BUGFIX: Remove hard-coded time dimension in resample_in_time.py. Pr…

…eviously, we used `TIME_DIM.value` in some places, and `time` in others. PiperOrigin-RevId: 628121008
google-research · Apr 25, 2024 · 1d3cb4d · 1d3cb4d
1 parent c6c4a1a
commit 1d3cb4d
Show file tree

Hide file tree

Showing 2 changed files with 165 additions and 11 deletions.
diff --git a/scripts/resample_in_time.py b/scripts/resample_in_time.py
@@ -221,7 +221,7 @@ def resample_in_time_chunk(
 
 
 def resample_in_time_core(
-    chunk: xr.Dataset,
+    chunk: t.Union[xr.Dataset, xr.DataArray],
     method: str,
     period: pd.Timedelta,
     statistic: str,
@@ -272,13 +272,13 @@ def main(argv: abc.Sequence[str]) -> None:
   if METHOD.value == 'resample':
     rsmp_times = resample_in_time_core(
         # All stats will give the same times, so use 'mean' arbitrarily.
-        ds.time,
+        ds[TIME_DIM.value],
         METHOD.value,
         period,
         statistic='mean',
-    ).time
+    )[TIME_DIM.value]
   else:
-    rsmp_times = ds.time
+    rsmp_times = ds[TIME_DIM.value]
   assert isinstance(ds, xr.Dataset)  # To satisfy pytype.
   rsmp_template = (
       xbeam.make_template(ds)
@@ -306,7 +306,7 @@ def main(argv: abc.Sequence[str]) -> None:
   working_chunks.update(WORKING_CHUNKS.value)
   if TIME_DIM.value in working_chunks:
     raise ValueError('cannot include time working chunks')
-  working_chunks[TIME_DIM.value] = len(ds.time)
+  working_chunks[TIME_DIM.value] = len(ds[TIME_DIM.value])
   output_chunks = input_chunks.copy()
   output_chunks[TIME_DIM.value] = min(
       len(rsmp_times), output_chunks[TIME_DIM.value]

diff --git a/scripts/resample_in_time_test.py b/scripts/resample_in_time_test.py
@@ -91,7 +91,7 @@ def test_demonstrating_returned_times_for_resample(self):
           testcase_name='Resample_NoSuffix_5d',
           method='resample',
           add_mean_suffix=False,
-          period='1d',
+          period='5d',
       ),
       dict(
           testcase_name='Resample_YesSuffix_1w',
@@ -124,7 +124,10 @@ def test_demonstrating_returned_times_for_resample(self):
           period='1d',
       ),
   )
-  def test_resample(self, method, add_mean_suffix, period):
+  def test_resample_time(self, method, add_mean_suffix, period):
+    # Make sure slice(start, stop, period) doesn't give you a singleton, since
+    # then, for this singleton, the resampled mean/min/max will all be equal,
+    # and the test will fail.
     time_start = '2021-02-01'
     time_stop = '2021-04-01'
     mean_vars = ['temperature', 'geopotential']

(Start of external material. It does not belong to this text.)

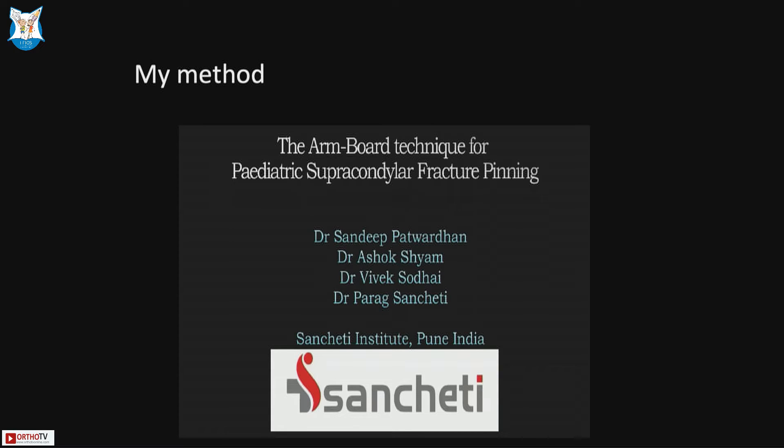We will play a short video presenting our armboard technique for closed reduction and pinning of supracondylar fractures in children.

@@ -159,9 +162,9 @@ def test_resample(self, method, add_mean_suffix, period):
         output_path=output_path,
         method=method,
         period=period,
-        mean_vars='temperature,geopotential',
-        min_vars='temperature,geopotential',
-        max_vars='temperature',
+        mean_vars=','.join(mean_vars),
+        min_vars=','.join(min_vars),
+        max_vars=','.join(max_vars),
         add_mean_suffix=str(add_mean_suffix),
         time_start=time_start,
         time_stop=time_stop,
@@ -182,7 +185,10 @@ def test_resample(self, method, add_mean_suffix, period):
       expected_mean = (
           input_ds.sel(time=slice(time_start, time_stop))

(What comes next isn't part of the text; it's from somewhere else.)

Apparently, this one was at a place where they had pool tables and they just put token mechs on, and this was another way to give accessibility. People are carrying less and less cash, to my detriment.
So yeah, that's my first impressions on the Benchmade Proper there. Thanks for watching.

           # input_ds timedelta is 1 day.
-          .rolling(time=pd.to_timedelta(period) // pd.to_timedelta('1d')).mean()
+          .rolling(
+              time=pd.to_timedelta(period)
+              // pd.to_timedelta(input_time_resolution)
+          ).mean()
       )
     else:
       raise ValueError(f'Unhandled {method=}')

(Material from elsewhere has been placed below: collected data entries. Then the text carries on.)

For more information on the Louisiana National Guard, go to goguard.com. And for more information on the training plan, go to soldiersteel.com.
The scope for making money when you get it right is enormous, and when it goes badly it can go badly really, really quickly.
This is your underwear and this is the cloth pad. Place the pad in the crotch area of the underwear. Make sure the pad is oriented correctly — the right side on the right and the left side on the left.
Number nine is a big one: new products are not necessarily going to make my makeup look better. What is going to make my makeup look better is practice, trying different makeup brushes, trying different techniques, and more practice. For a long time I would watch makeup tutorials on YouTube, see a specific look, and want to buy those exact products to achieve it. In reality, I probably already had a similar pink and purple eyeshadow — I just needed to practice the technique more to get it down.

@@ -215,6 +221,154 @@ def test_resample(self, method, add_mean_suffix, period):
 
     self.assertCountEqual(expected_varnames, output_ds.data_vars)
 
+  @parameterized.named_parameters(
+      dict(
+          testcase_name='Resample_NoSuffix_5d',
+          method='resample',
+          add_mean_suffix=False,
+          period='5d',
+      ),
+      dict(
+          testcase_name='Resample_YesSuffix_1w',
+          method='resample',
+          add_mean_suffix=True,
+          period='1w',
+      ),
+      dict(
+          testcase_name='Resample_YesSuffix_1d',
+          method='resample',
+          add_mean_suffix=True,
+          period='1d',
+      ),
+      dict(
+          testcase_name='Roll_YesSuffix_1w',
+          method='rolling',
+          add_mean_suffix=True,
+          period='1w',
+      ),
+      dict(
+          testcase_name='Roll_NoSuffix_30d',
+          method='rolling',
+          add_mean_suffix=False,
+          period='30d',
+      ),
+      dict(
+          testcase_name='Roll_YesSuffix_1d',
+          method='rolling',
+          add_mean_suffix=True,
+          period='1d',
+      ),
+  )
+  def test_resample_prediction_timedelta(self, method, add_mean_suffix, period):
+    # Make sure slice(start, stop, period) doesn't give you a singleton, since
+    # then, for this singleton, the resampled mean/min/max will all be equal,
+    # and the test will fail.
+    timedelta_start = '0 day'
+    timedelta_stop = '9 days'
+    mean_vars = ['temperature', 'geopotential']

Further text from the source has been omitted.